These devices (configurations) are arranged in the order of the charging belt 20, the exposure device 30, the developing device 40, the transfer brush 50, the transfer brush 50 and the conveying belt 7, and the cleaning device 60 along the outer periphery of the photosensitive drum 10. The photosensitive drum 10 is arranged in the rotation direction.

(Second Embodiment)
Although the case where the charging belt in the image forming apparatus has one conductive adhesive layer has been described in the first embodiment, this conductive adhesive layer may be configured by a plurality of adhesive layers. Next, the case where the conductive adhesive layer is formed of two layers will be described with reference to FIG. FIG. 2B shows an embodiment in which the adhesive layer has two layers.

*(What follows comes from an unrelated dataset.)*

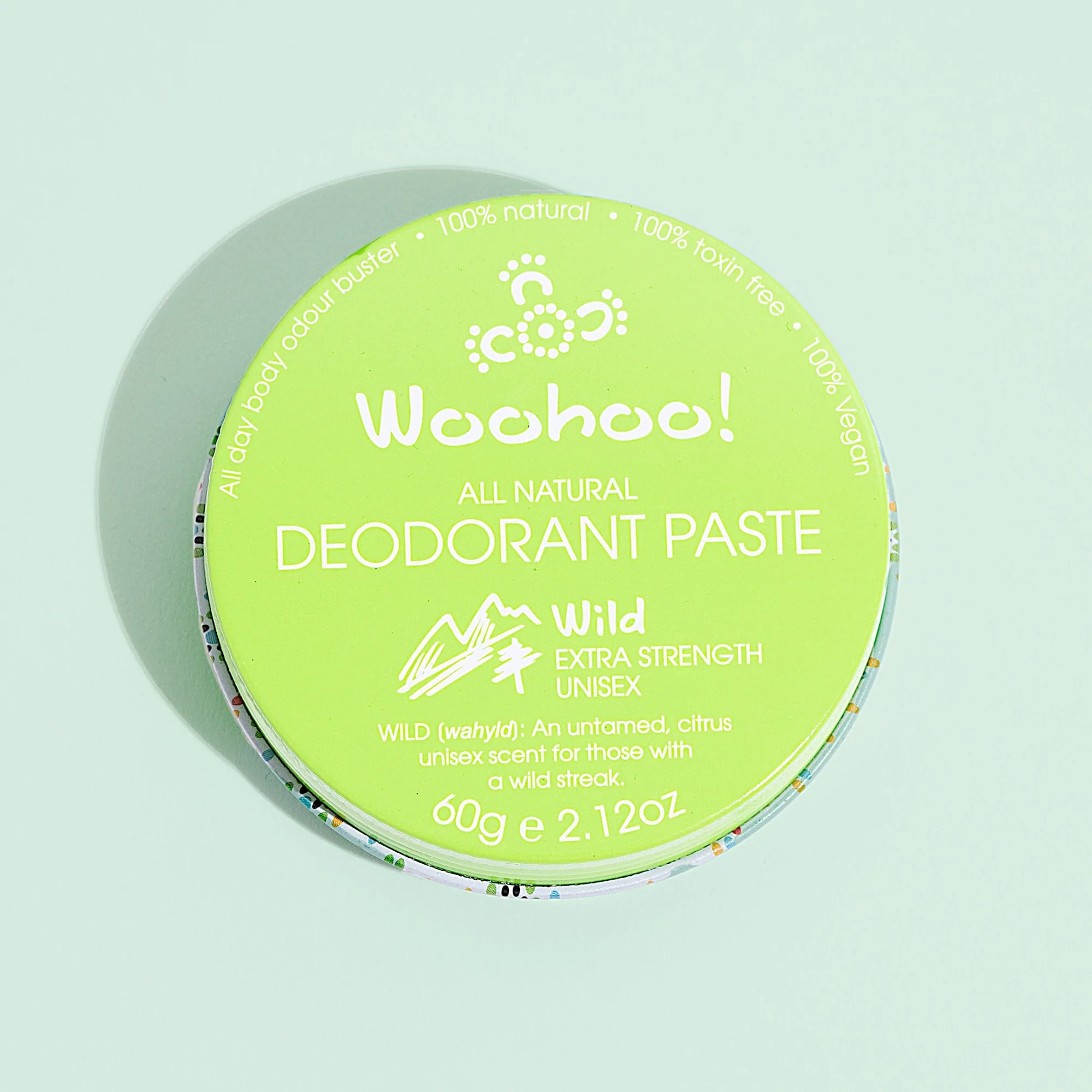 Woohoo Deodorant Paste Wild (Extra Strength Unisex) Tin 60g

  As shown in FIG. 2B, the charging belt in the image forming apparatus of the second embodiment is an endless charging belt having endless flexibility as in the case of the first embodiment. Unlike the case of the first embodiment, the conductive adhesive layer is formed of the first conductive adhesive layer 22A and the second conductive adhesive layer 22B, and the fibers are electrostatically flocked to the second conductive adhesive layer 22B. Yes. Since the configuration of the second embodiment is substantially the same as that of the first embodiment, the description of the same configuration is omitted, and the configuration different from the first embodiment will be described below.

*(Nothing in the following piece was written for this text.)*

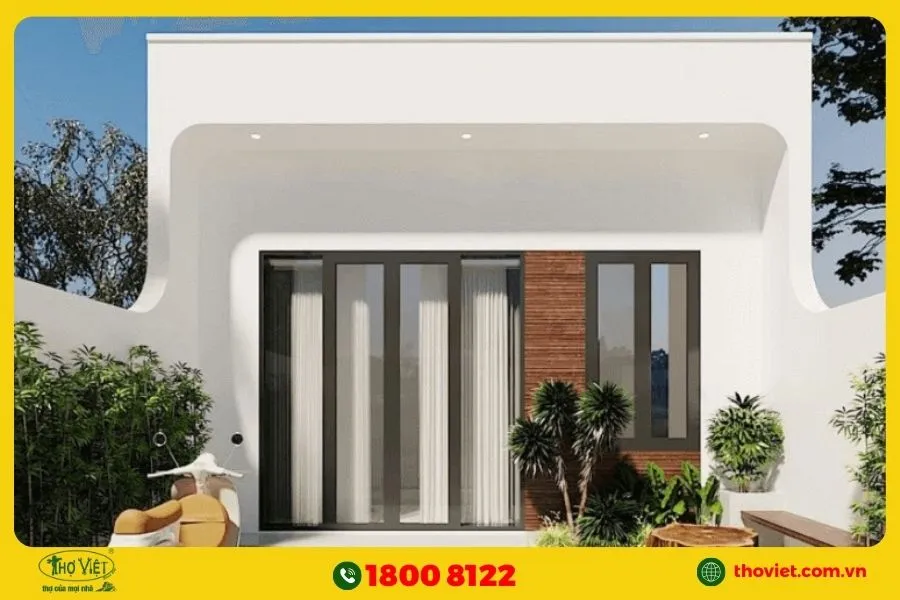 Mẫu thiết kế nhà 40m2 mái bằng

  The first conductive adhesive layer 62A is formed of a conductive adhesive containing an acrylic adhesive. The material of the first conductive adhesive layer 62A is not particularly limited, but may include a rubber adhesive instead of the acrylic adhesive, or may be formed of an adhesive other than these. Specifically, for example, the first conductive adhesive layer 62A is formed of a material containing an adhesive mainly composed of butadiene resin and a conductive filler. Among such adhesives, an adhesive including an acrylic or rubber adhesive is particularly preferable, and an adhesive including a rubber adhesive is more preferable. If it is such an adhesive agent, it will be excellent in adhesiveness and it will be easy to form a layer on a mold release member. For example, an adhesive containing 50% by mass of butadiene resin is used. (Here, the content is a numerical value when the total of the adhesive and the conductive filler is 100 parts by mass.)

  As in the first embodiment, at least one or more kinds of conductive powders such as metal and carbon are used for the conductive filler contained in the first conductive adhesive layer 22A (for example, carbon is used). The content of the conductive filler is also the same as in the first embodiment.

The first conductive adhesive layer 22A preferably has a thickness of 50 to 100 μm, more preferably 50 to 75 μm. With such a thickness, a charging belt excellent in flexibility can be obtained.
The thickness of the first conductive adhesive layer 22A is also a value when the adhesive is dried and cured to form the conductive adhesive layer 22 as in the first embodiment.

The second conductive adhesive layer 22B is formed of a conductive adhesive layer containing a urethane-based adhesive. More specifically, for example, the second conductive adhesive layer 22B is formed of an adhesive containing a urethane resin emulsion as a main component and a material containing a conductive filler as in the first embodiment. The second conductive adhesive layer 22B may be formed of an adhesive other than the urethane-based adhesive. However, when a urethane-based resin is used as a base material, the ends of the brush hairs are sufficiently bonded and the brush hairs are not easily removed. Since a charging belt can be obtained, the second conductive adhesive layer 22B is preferably an adhesive containing a urethane-based adhesive.
As described in the first embodiment, polyurethane adhesives such as polyisocyanate adhesives, prepolymer adhesives, and thermoplastic polymer adhesives are known as urethane adhesives. Any of these adhesives may be used. In the present embodiment, a urethane resin emulsion adhesive may be used. Urethane resin emulsion adhesives include, for example, an adhesive obtained by emulsifying a urethane resin in the presence of an emulsifier to emulsify, and an adhesive produced by emulsifying and dispersing simultaneously with a chain extension reaction of a urethane polymer. A urethane resin emulsion is more preferable from the viewpoint that the brush hair is difficult to come off. More specifically, for example, an adhesive containing 40% by mass of a urethane resin emulsion is used. (Here, the content is a numerical value when the total of the adhesive and the conductive filler is 100 parts by mass.)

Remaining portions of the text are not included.